International Legal Affairs: V9N1


Export Regulation Recap: 2016 Changes and Amendments

Export Control Reform

Avid readers of this column will recall that export control reform has been underway since 2009, at the request of President Obama. Undertaken with the goal of strengthening national security and increasing the competitiveness of U.S. manufacturing, the reform effort has focused on current threats while adapting to changing economic and technological landscape. The reform effort has taken two noteworthy avenues: ITAR category revisions and EAR/ITAR definition harmonization.

ITAR Category Revisions

In terms of ITAR category revisions, categories IV through XXI have been reviewed and updated. The last three categories governing firearms (Category I), artillery (Category II) and ammunition (Category III) have yet to be reviewed and amended. No update or timeline has been provided regarding the review and amendment of these three categories.

ITAR category XII governing Fire Control, Range Finder, Optical, and Guidance Equipment has been amended in an attempt to more precisely describe articles warranting control on the USML and to establish a “bright line” between the USML and the CCL regarding control of these items.

The revisions introduce a concept that has not been used in other revisions to the USML: identifying certain items as defense articles if they were “specially designed for a military end user.” The final rule removes some fire control, laser, imaging, guidance equipment, and related software and technology from the USML and moves jurisdiction to CCL ECCN 7A611 and newly created ECCNs 7B611, 7D611 and 7E611.
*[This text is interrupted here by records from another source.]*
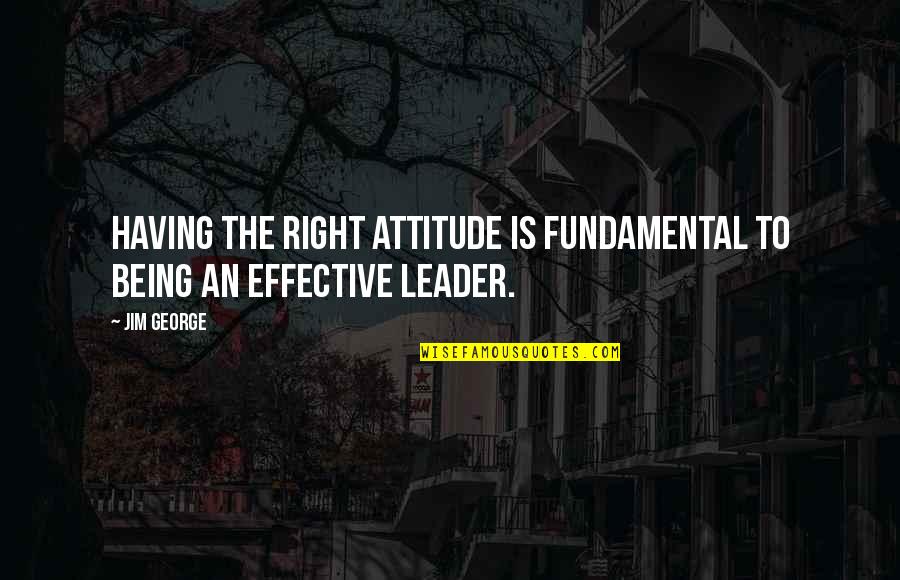 An Effective Leader Quotes By Jim George: Having the right attitude is fundamental to being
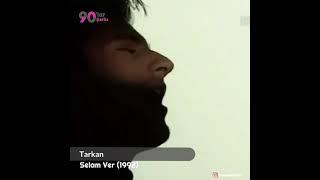 Tarkan - Selam Ver (1992)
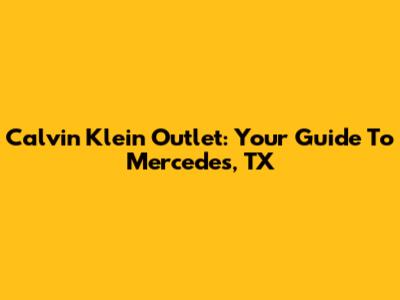 Calvin Klein Outlet: Your Guide To Mercedes, TX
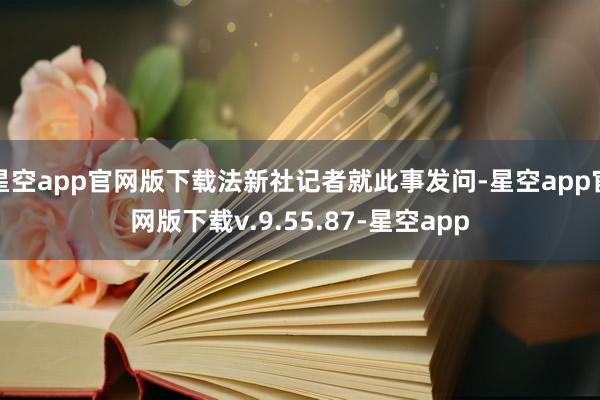 星空app官网版下载法新社记者就此事发问-星空app官网版下载v.9.55.87-星空app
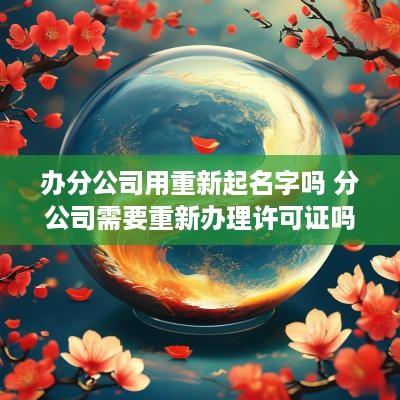 办分公司用重新起名字吗 分公司需要重新办理许可证吗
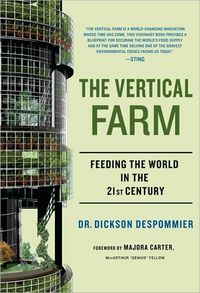 The Vertical Farm by Dickson Despommier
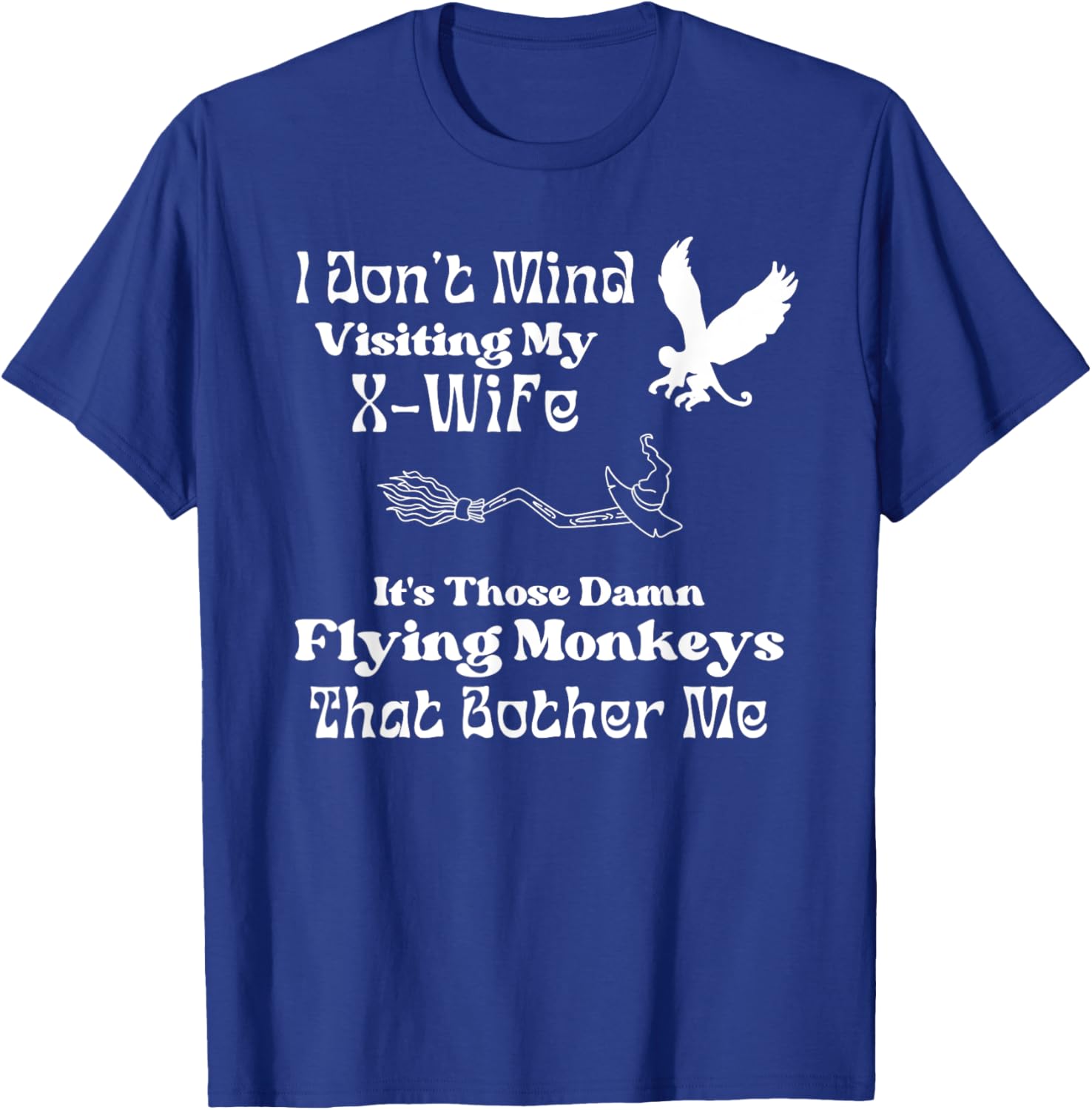 X-Wife Humor for Newly Divorced Man X-Husband Witch Theme T-Shirt - T-Shirt | Royal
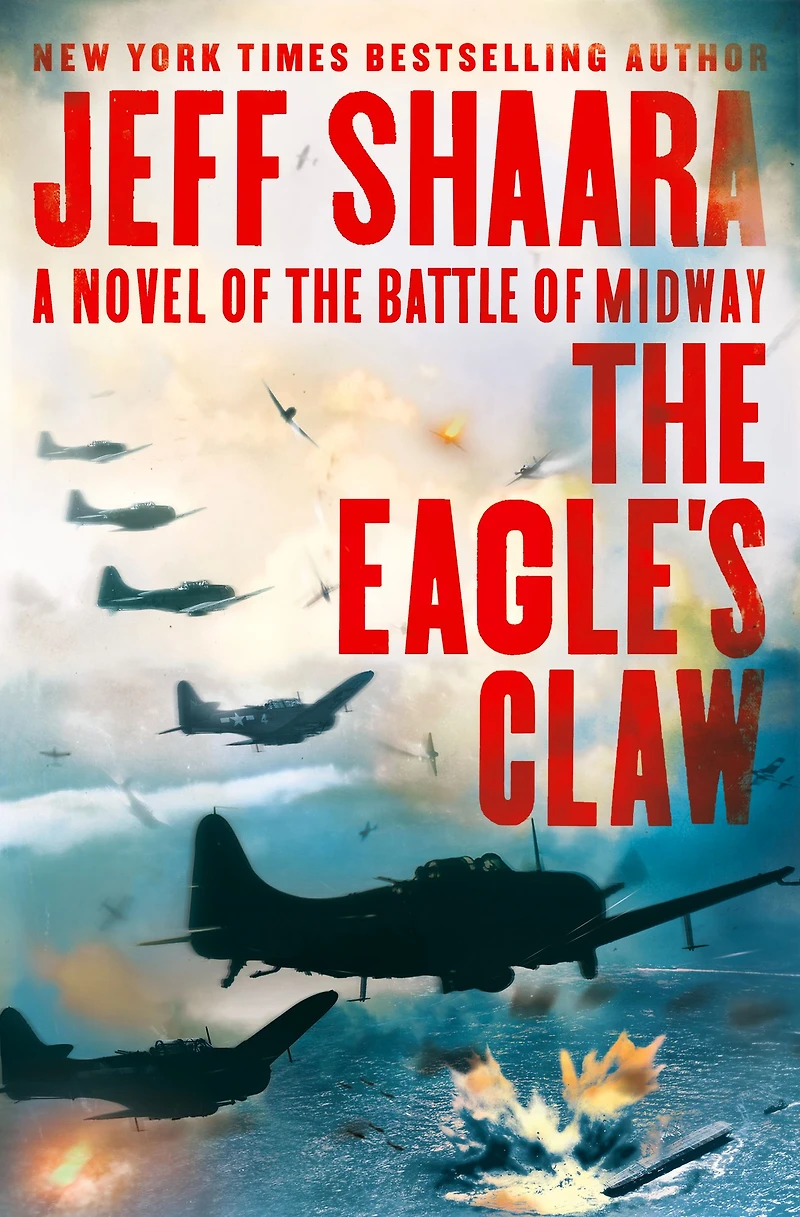 the Eagle's Claw: A Novel of Battle Midway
ITAR and EAR Definition Harmonization

On June 3, 2016, BIS and DDTC issued a final rule for the purpose of harmonizing the definitions of many of the terms found in the ITAR and EAR. The purpose of the rules is to increase clarity and consistency between key terms used in the regulations. Some of the terms that were revised or introduced in these rules include “export,” “re-export,” “release” and “re-transfer.”

Important conceptual changes include the ITAR formally adopting the “deemed export” concept previously only found in the EAR regulations. In practice the ITAR had long regulated technology transfers to foreign nationals; however, for purposes of deemed exports under the ITAR, DDTC will continue to review all citizenships of foreign employees, whereas BIS will only look at the last country of residence or citizenship.

For in-country transfers that occur outside of the United States, both the EAR and the ITAR have been modified to clarify that an in-country transfer may require additional authorization if there is a change in end user or end-use in the same foreign country.

In the context of cloud computing, the BIS rule provides a carve-out from the “export” definition for certain unclassified technology or software that is secured using end-to-end encryption. In order for the carve-out to apply, the encrypted technology cannot be intentionally stored in a country subject to a U.S. Arms Embargo or the Russian Federation. The DDTC rule contains no such exemption for encrypted data.

Both sets of regulations have clarified exemptions related to when foreign employees of U.S. companies or U.S. persons are permitted to receive technical data without a license when travelling abroad on a temporary assignment. To achieve this, BIS revised License Exception TMP, and DDTC revised its technical data exemption.

Both BIS and DDTC published final rules that harmonized the Destination Control Statement (“DCS”) required by each agency. Inclusion of a DCS in shipping documentation is required when exporting ITAR and EAR regulated items, resulting in multiple destination control statements being included within the bill of lading and commercial invoice. The new rules, which became effective November 15, 2016, address this problem by creating a single DCS with common language that can be used whether shipping items controlled by the ITAR or the EAR.

Exporters are only required to include the DCS on the commercial invoice. With respect to the shipment of EAR-controlled items, the ECCNs of 9×515 or “600 series” items must be included on the commercial invoice; a DCS is not required for EAR99 items.

For shipments of ITAR-controlled items, exporters must include the end-user, country of destination and license or other approval number or exemption citation on the commercial invoice.

When shipping both EAR and ITAR-controlled items in the same shipment, the State Department rule clarified that items subject to the EAR are not defense articles, even when exported under a license from DDTC. In order to differentiate the items being exported, the exporter must include the appropriate export classification (ECCN or USML Category) for each item on the commercial invoice.

Looking forward to 2017 and beyond, the harmonization effort removing some items from the USML (and ITAR jurisdiction) to the CCL (and BIS jurisdiction) will come as a potential blessing to exporters. The re-classification of some items may cause a temporary burden to small businesses as they seek commodity jurisdictions to see where they fall within the regulations, but the long term result should be beneficial in terms of relaxed export compliance. True export reform will not occur for most readers until USML Categories I, II and III are completed; however, at this juncture it seems unlikely that massive changes will be made to these categories.